== Entries shown
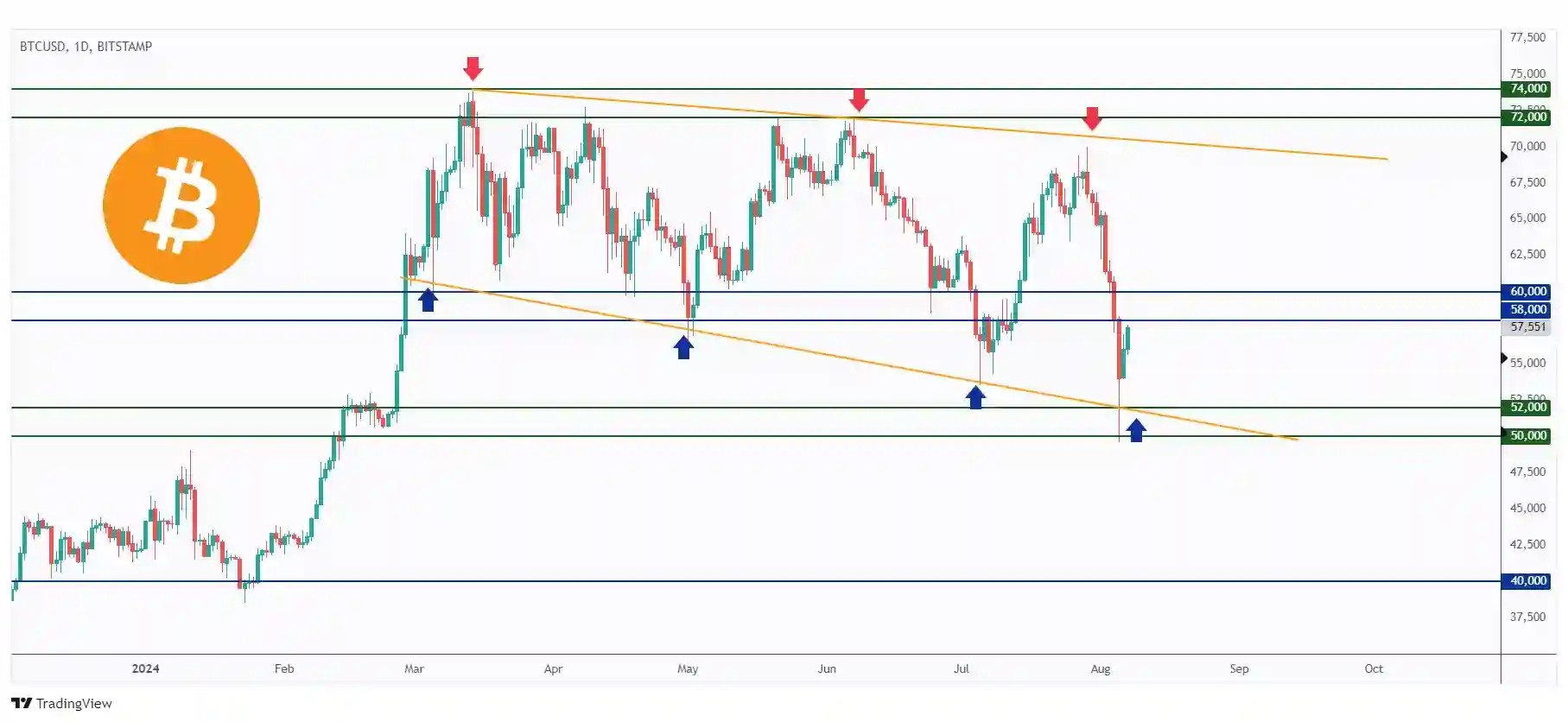 BTC DAILY chart overall bearish but currently rejecting the lower bound of the channel and $50,000 round number.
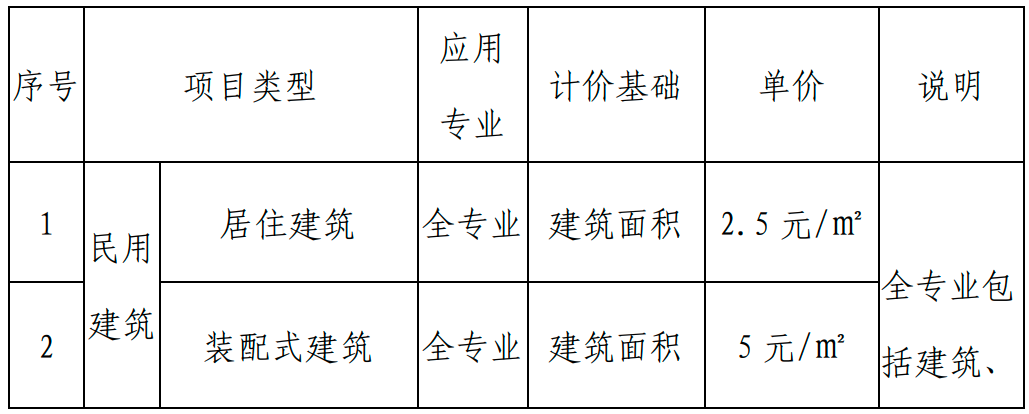 甘肅BIM技術(shù)收費標(biāo)準(zhǔn)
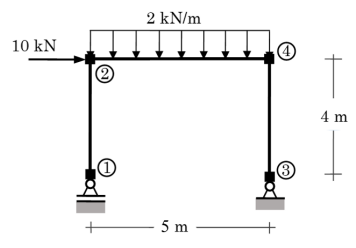 10 kN
1
2 kN/m
+ 5 m
3
T
4 m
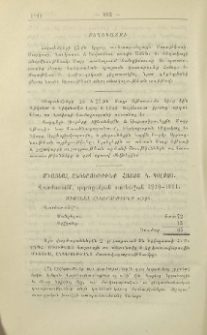 Տեղեկատու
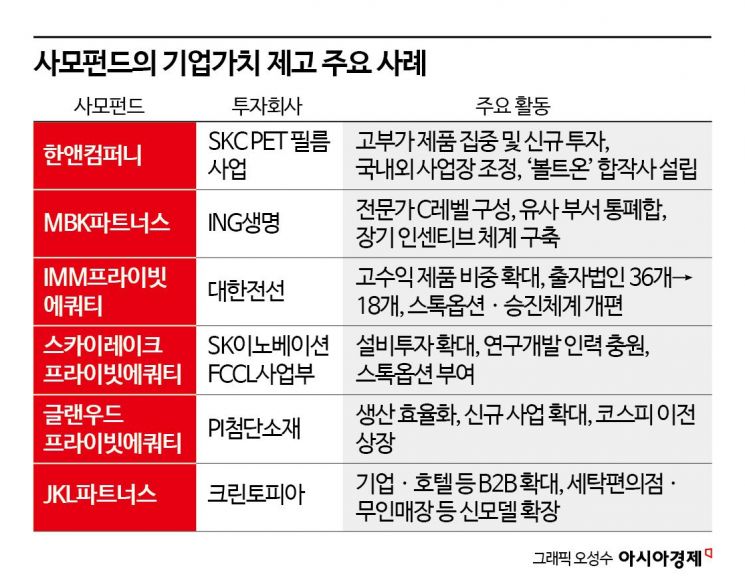 "본질로 돌아가라"…기업 사냥꾼에서 밸류업 전문가로[신금융권력 사모펀드]③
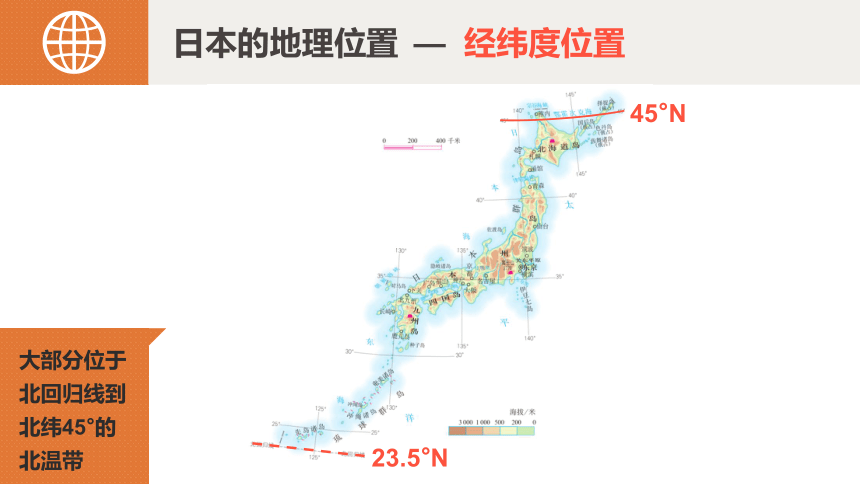 7.1 日本 课件(共37张PPT)2022-2023学年七年级地理下学期人教版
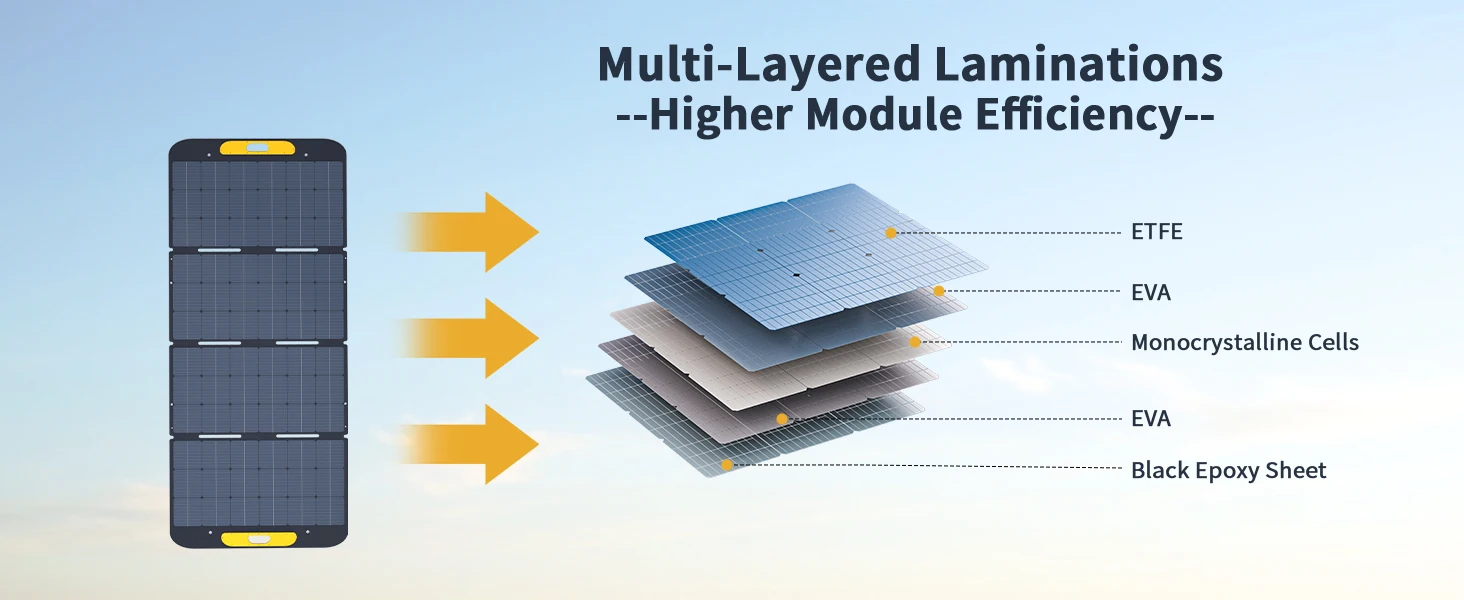 VTOMAN VS400W faltbares Solarpanel, 40,32 V, hocheffizientes, tragbares Solarladegerät für Outdoor-Kraftwerke – Detail 6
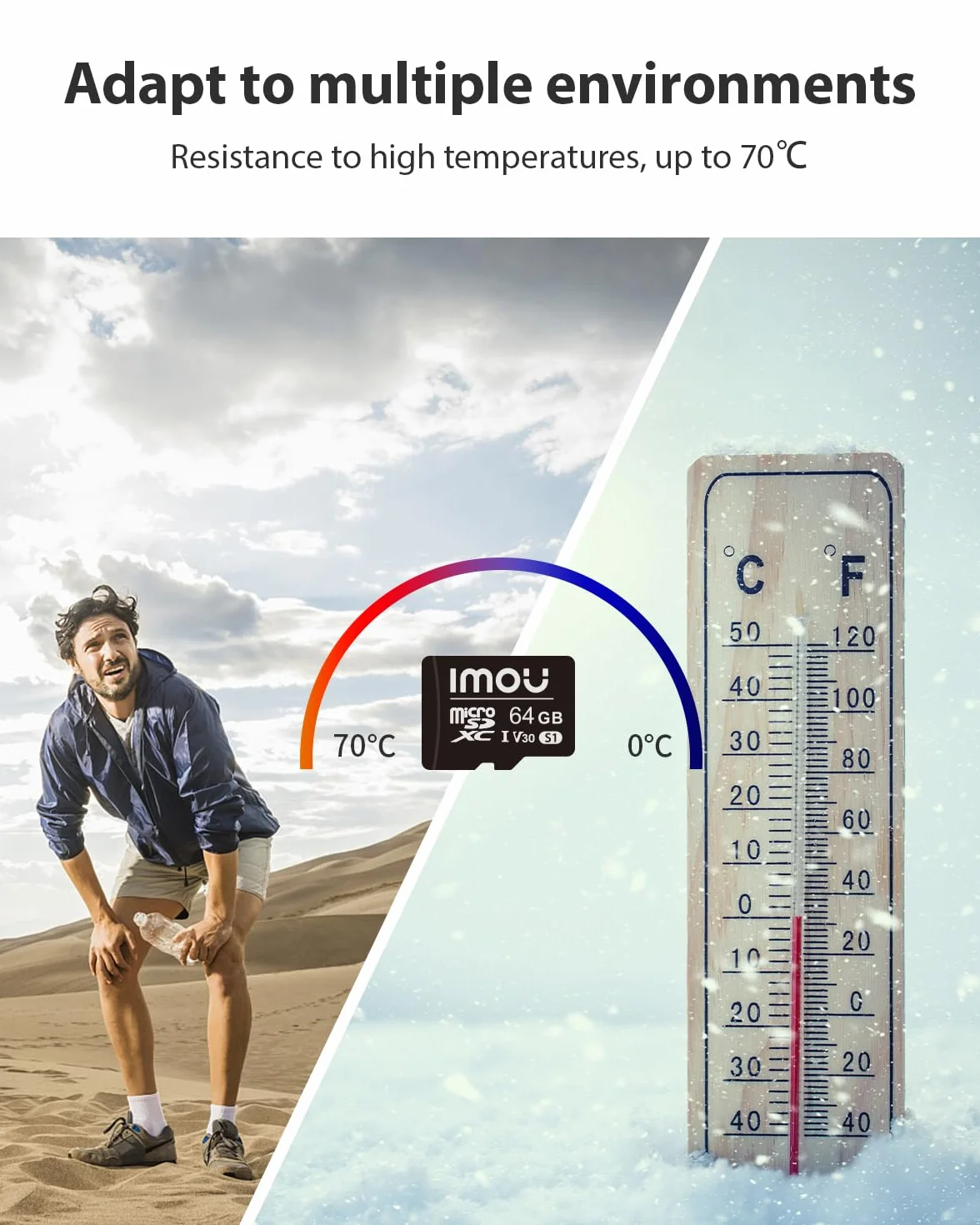 Imou Carte Micro SDHC 32 Go Vitesse de Lecture 95 Mo/s Adaptateur SD
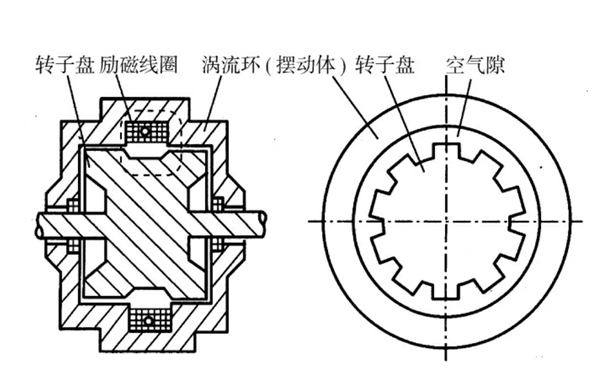 電渦流測功器結構示意圖-柴油發電機組.png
====
» Work instruction:
Pictures aren't part of the copy; return each record above exactly.

» Response for this exercise:
 BTC DAILY chart overall bearish but currently rejecting the lower bound of the channel and $50,000 round number.
 甘肅BIM技術(shù)收費標(biāo)準(zhǔn)
 10 kN
1
2 kN/m
+ 5 m
3
T
4 m
 Տեղեկատու
 "본질로 돌아가라"…기업 사냥꾼에서 밸류업 전문가로[신금융권력 사모펀드]③
 7.1 日本 课件(共37张PPT)2022-2023学年七年级地理下学期人教版
 VTOMAN VS400W faltbares Solarpanel, 40,32 V, hocheffizientes, tragbares Solarladegerät für Outdoor-Kraftwerke – Detail 6
 Imou Carte Micro SDHC 32 Go Vitesse de Lecture 95 Mo/s Adaptateur SD
 電渦流測功器結構示意圖-柴油發電機組.png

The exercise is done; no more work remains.